- **Requirement**: The material below holds pictures, which are to be left out; copy exactly the lines from the one with "2207 Oak Court #8, Milton, WA 98354" through the one with "Russell Crowe's Indoor Garden Party".
-------- Material provided
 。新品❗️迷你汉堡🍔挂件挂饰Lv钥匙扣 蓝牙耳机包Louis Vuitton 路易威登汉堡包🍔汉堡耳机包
----------------
-------- Material provided
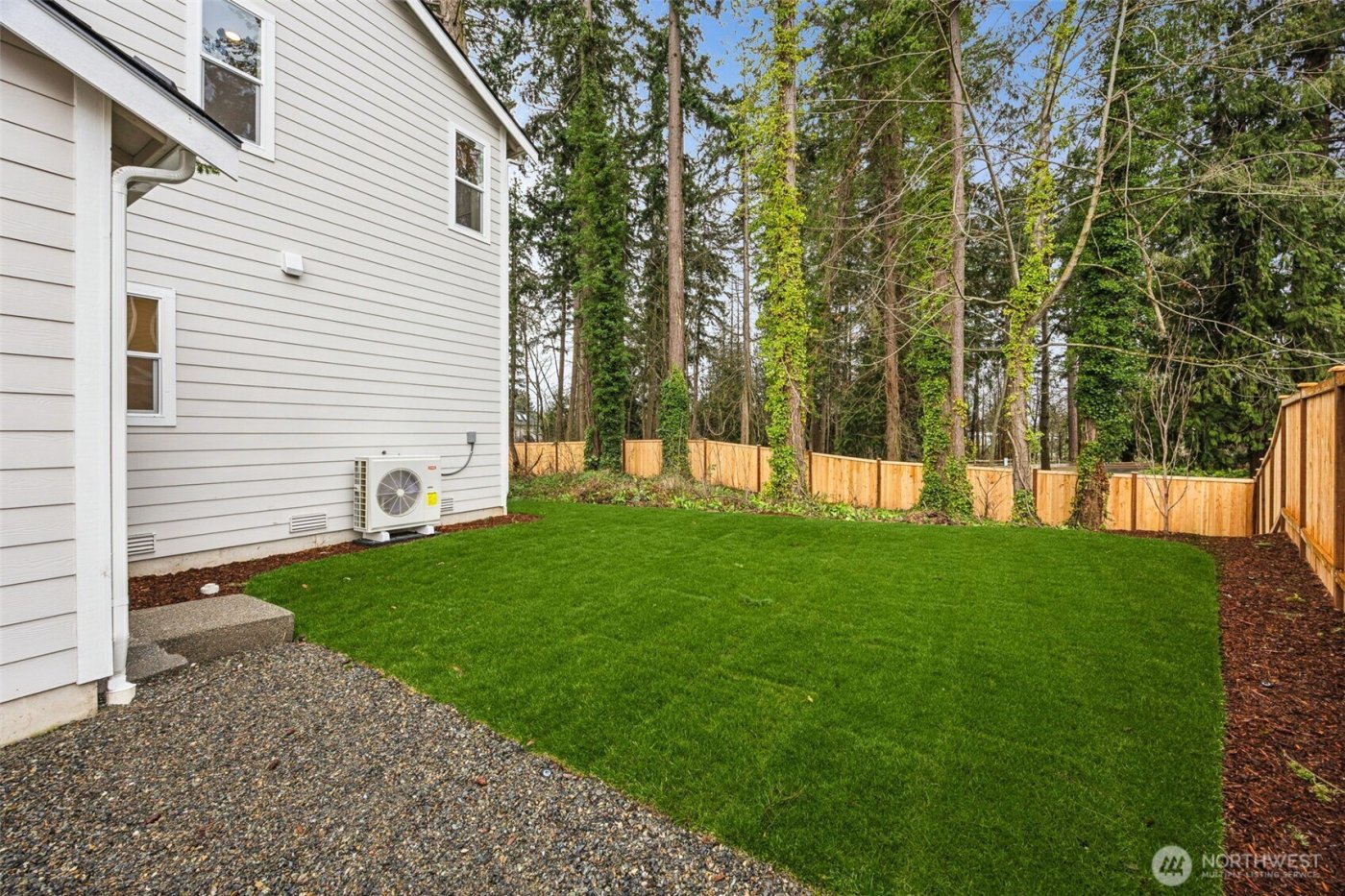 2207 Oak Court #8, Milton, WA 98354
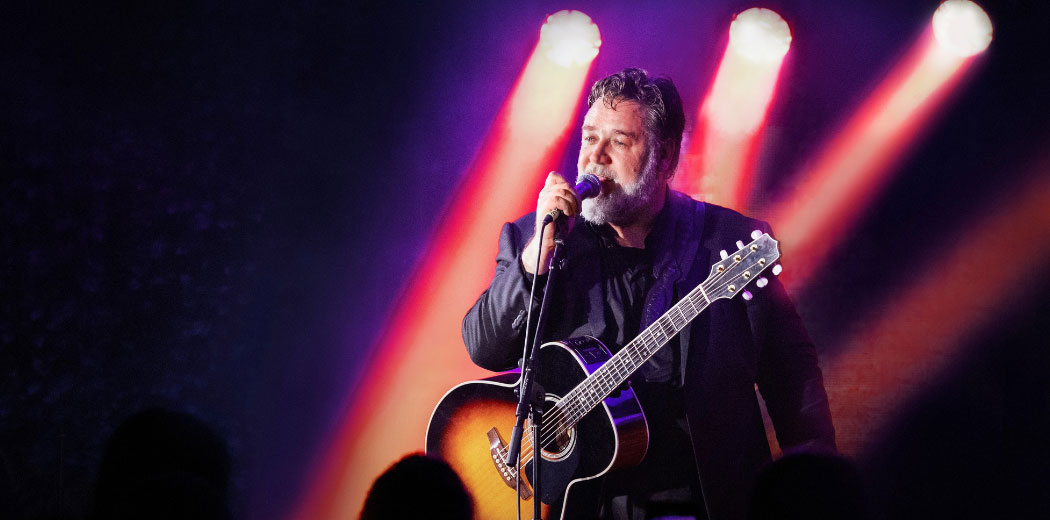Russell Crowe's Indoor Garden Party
----------------
- **Response for this exercise**:
 2207 Oak Court #8, Milton, WA 98354
Russell Crowe's Indoor Garden Party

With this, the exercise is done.